# [WHAT YOU SHOULD DO]
Return, word for word, every line starting at the line with "[GX3606] Mens Adidas" and ending at the final line of the entries; skip the pictures.

[[ PROVIDED MATERIAL, beginning ]]

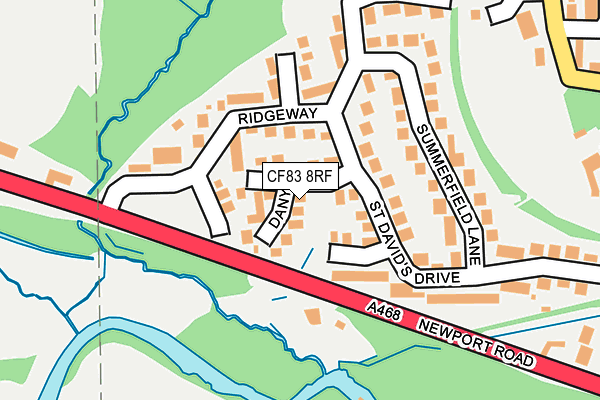 CF83 8RF map - OS OpenMap – Local (Ordnance Survey)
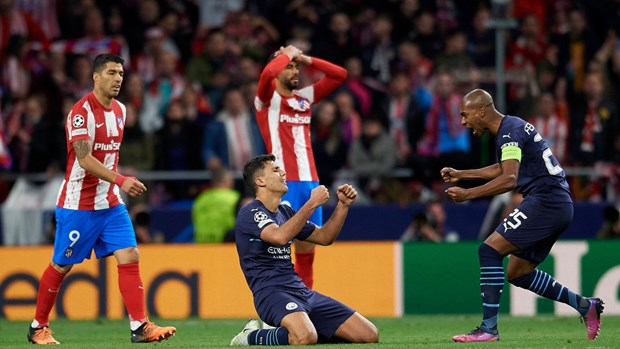 Man City vượt qua Atletico để giành vé vào bán kết. (Nguồn: Getty Images)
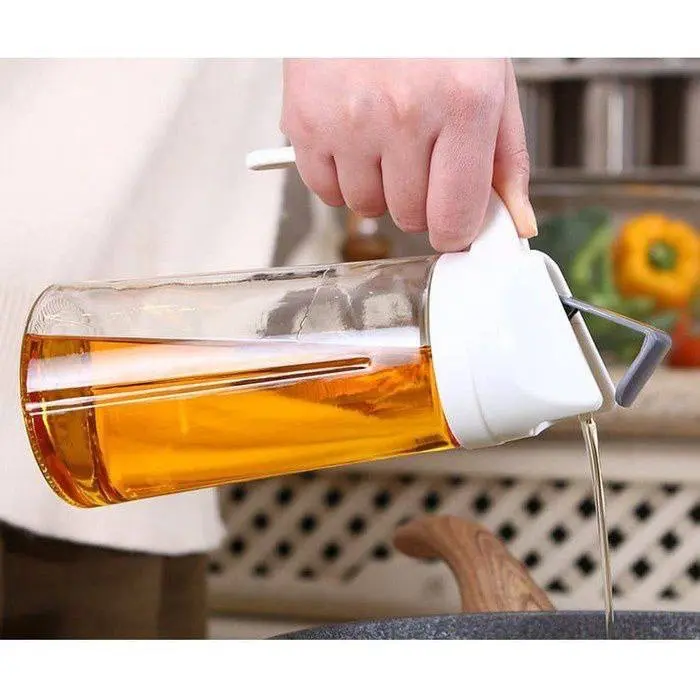 (Free Bubble) Botol Kaca minyak / botol minyak goreng 650 ml / botol minyak spray 2
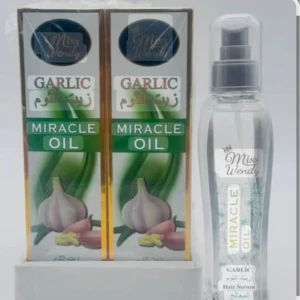 زيت سيرويوم المعابج للشعر بثوم 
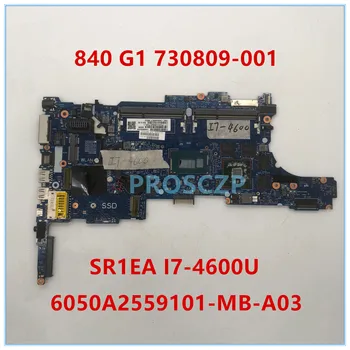 

For 840 G1 Laptop motherboard 730809-001 730809-601 730809-501 6050A2559101-MB-A03 with SR1EA I7-4600U 100% working well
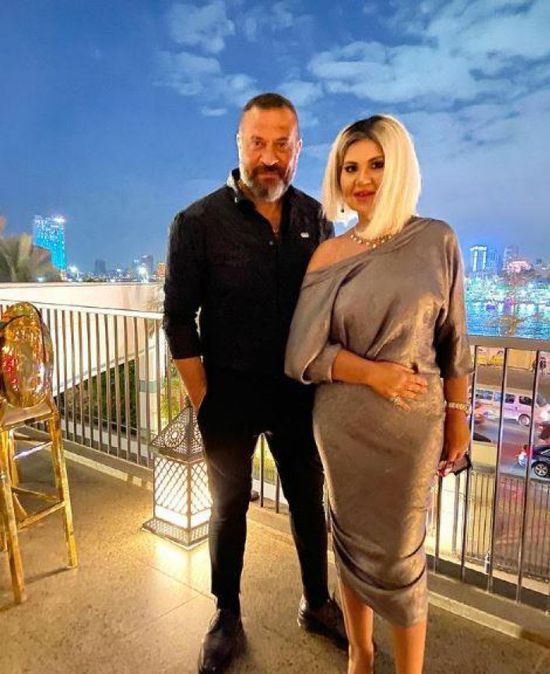 بوسى شلبي تحتفل بعيد ميلاد ماجد المصري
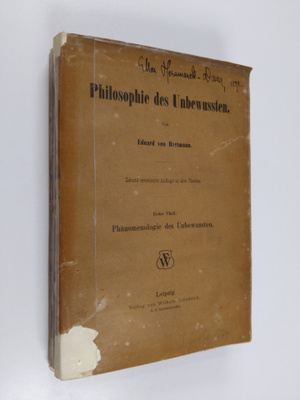 Eduard von Hartmann : Philosophie des Unbewussten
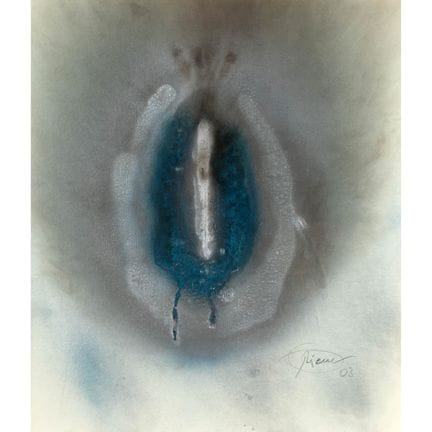 奥托·皮恩*（1928-2014），《无题》（火焰水粉画），2003
奥托·皮恩*（1928-201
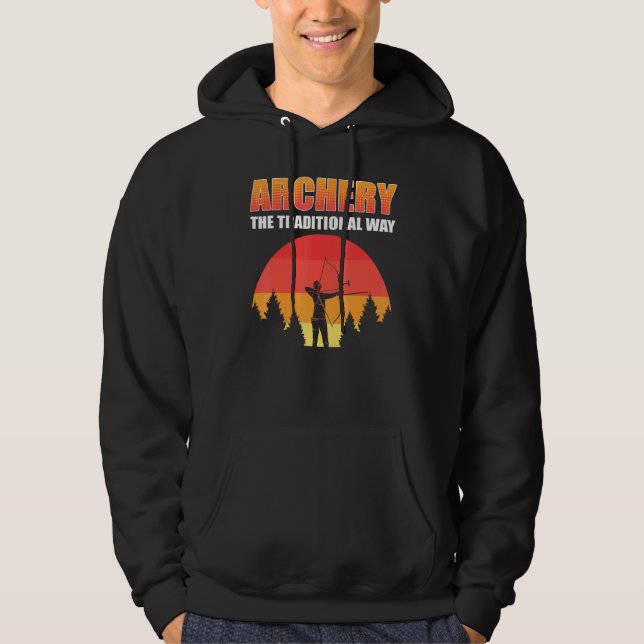 Bogenschießen Die traditionelle Art Bow Jagd Bow u Hoodie (Vorderseite)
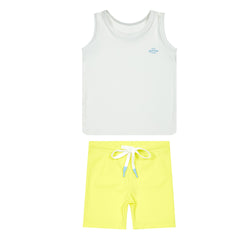 Crew Kids Yellow Pier 13 Boy Swim Tank Set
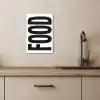 Food - Zwart - Wit - Decoratie KitchenYeah - Keuken - Canvas klein -sfeer2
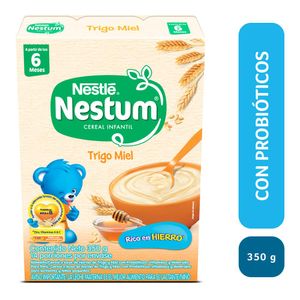 Cereal infantil Nestlé Nestum Trigo Miel 350 G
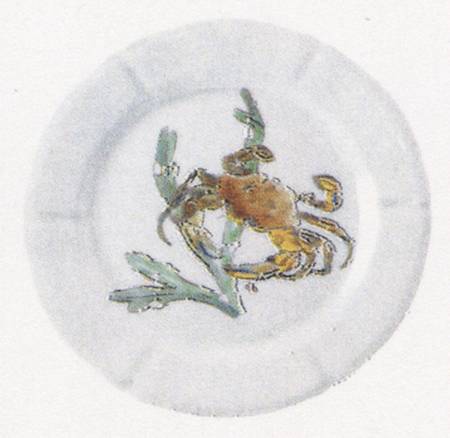 Grand Crustaces  (Scallope Rim) Dinner Plate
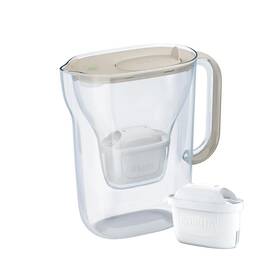 Filtrační konvice BRITA Style Essential s filtrem Maxtra Hard Water Expert, 2, 4 l béžová

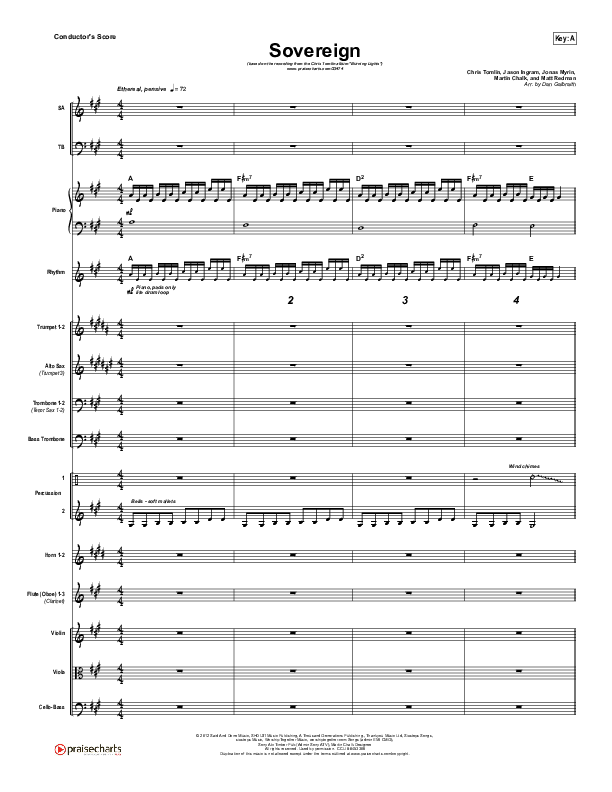 Sovereign Conductor's Score (Chris Tomlin)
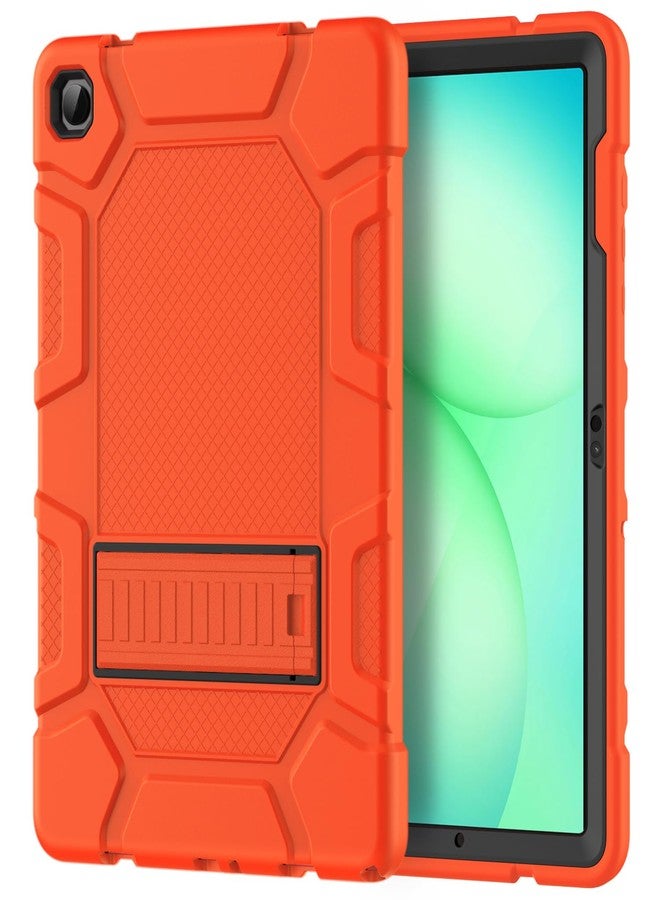 Azzsy Case for Samsung Galaxy Tab A9+/A9 Plus 11” 2024 Model (SM-X210/X216/X218), Heavy Duty Shockproof Rugged High Impact Protective Case, Orange - Image 1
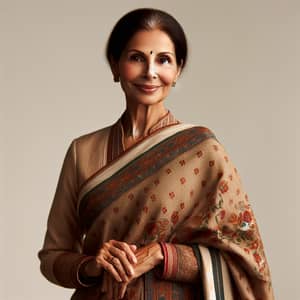 Desi Indian Mature Aunt | Traditional Attire & Grace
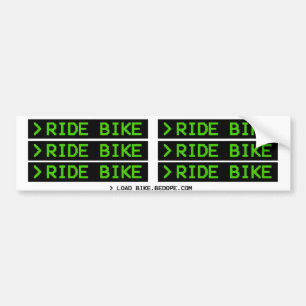 > RIDE BIKE BUMPER STICKER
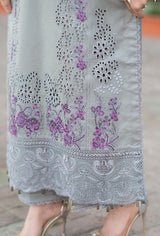 Lawn - 3PC Embroidered Shirt with Chiffon Embroidered Dupatta - 5155 - Sapphire Studios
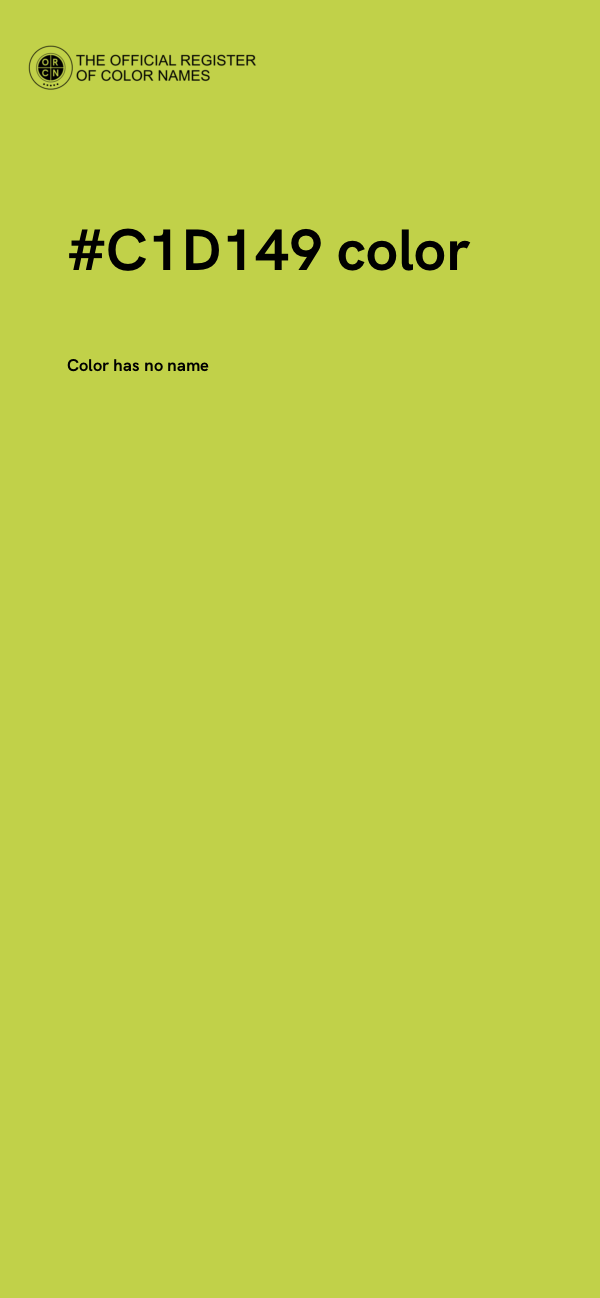 #C1D149 color image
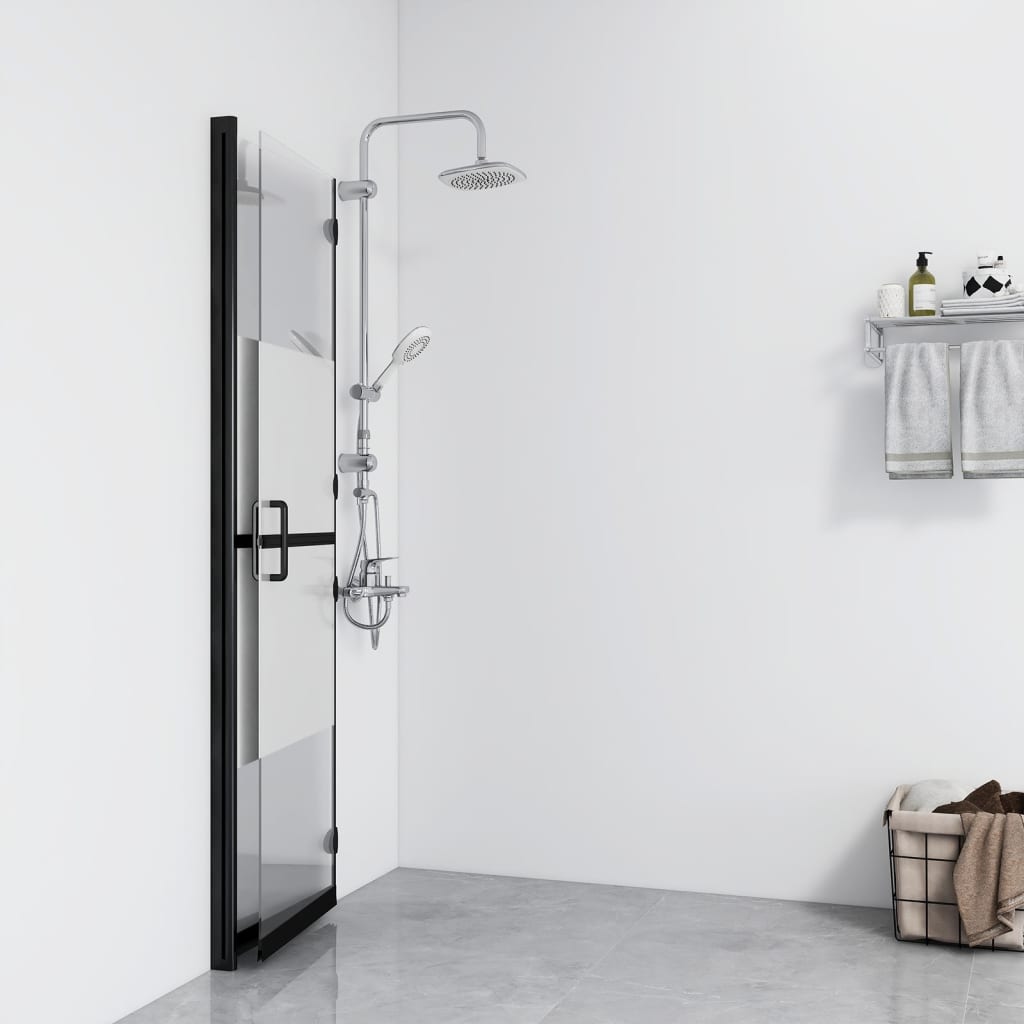 Walk-in suihkuseinä kokoontaittuva ESG 1/2 huurrelasi 120x190cm - Sisustajankoti.fi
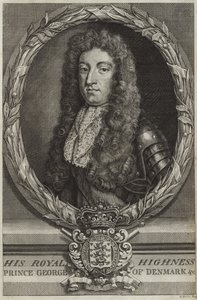 Portrait of Prince George of Denmark by English School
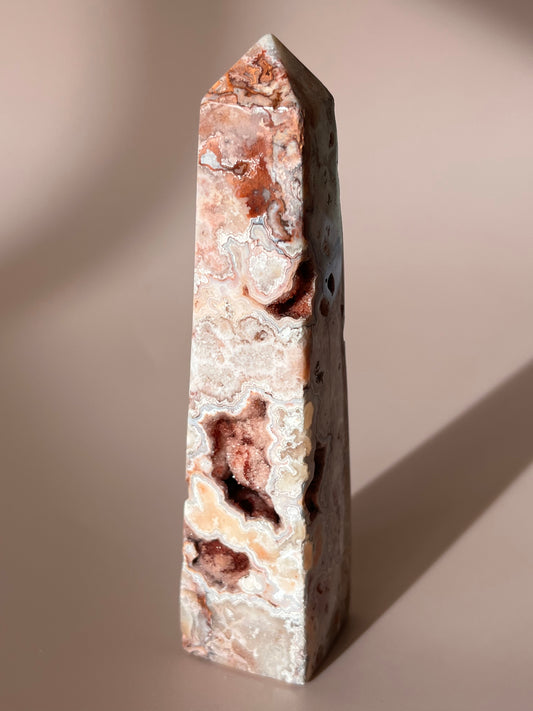 Crazy Lace Agate Tower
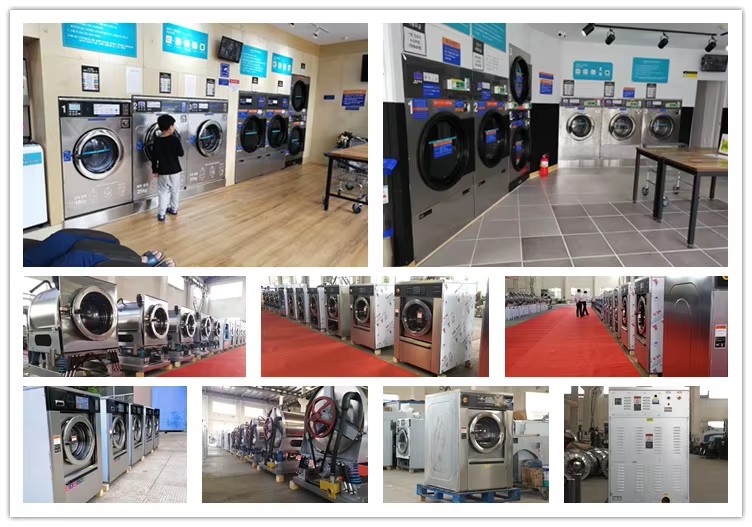 Industrial 15kg Fully Automatic Washer Extractor Heavy Duty Energy Saving Stainless Steel Commercial Use for Hotels Hospitals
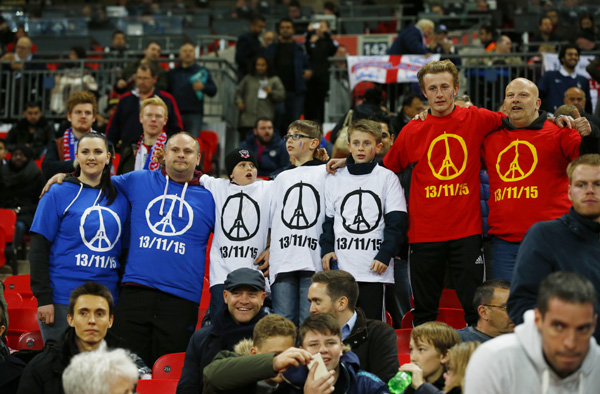 England beat France on night of solidarity at Wembley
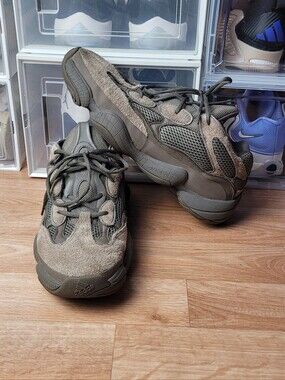 [GX3606] Mens Adidas Yeezy 500 Size 13.5 Brown Used No Box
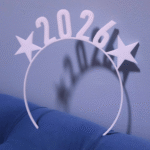 Headband New Year 2026, New Year Celebration Accessory, Family Party Headband, Office Event Headband, School Function Headband, Kids Party Headband, Festive Hair Accessory, 3D Printed New Year Headband - Image 3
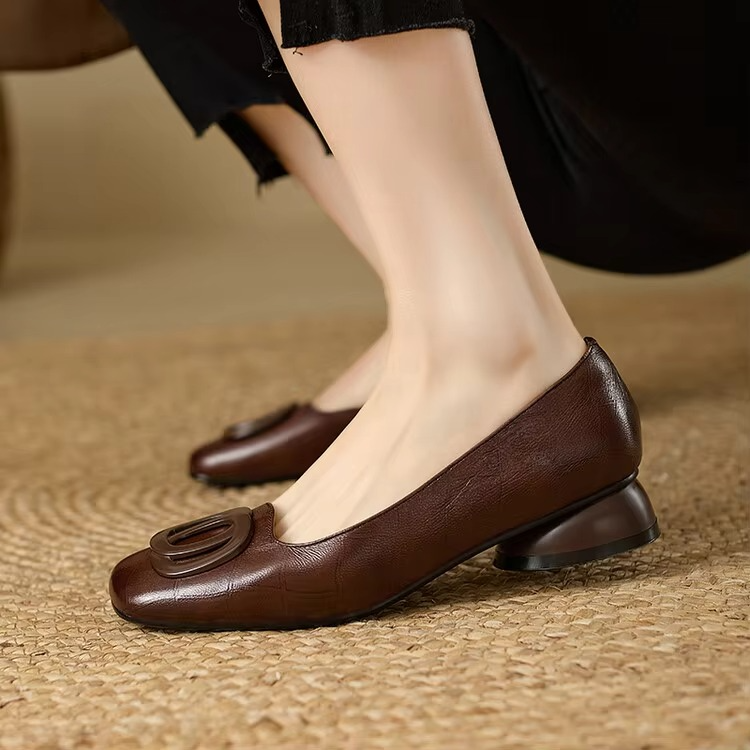 Opium | Ballerines Cuir Signature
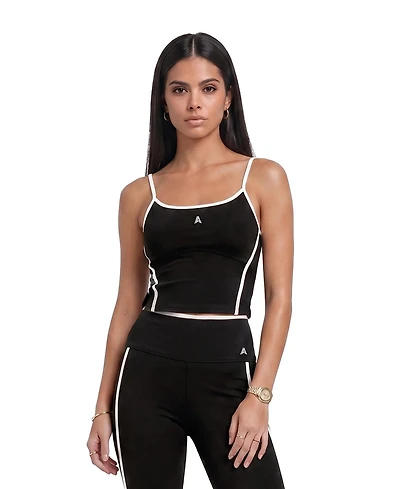 Alpenhaus Women's Bernin Racerback Scoop-Neck Crop Tank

[[ PROVIDED MATERIAL, end ]]

# [PROBLEM SOLUTION]
 [GX3606] Mens Adidas Yeezy 500 Size 13.5 Brown Used No Box
 Headband New Year 2026, New Year Celebration Accessory, Family Party Headband, Office Event Headband, School Function Headband, Kids Party Headband, Festive Hair Accessory, 3D Printed New Year Headband - Image 3
 Opium | Ballerines Cuir Signature
 Alpenhaus Women's Bernin Racerback Scoop-Neck Crop Tank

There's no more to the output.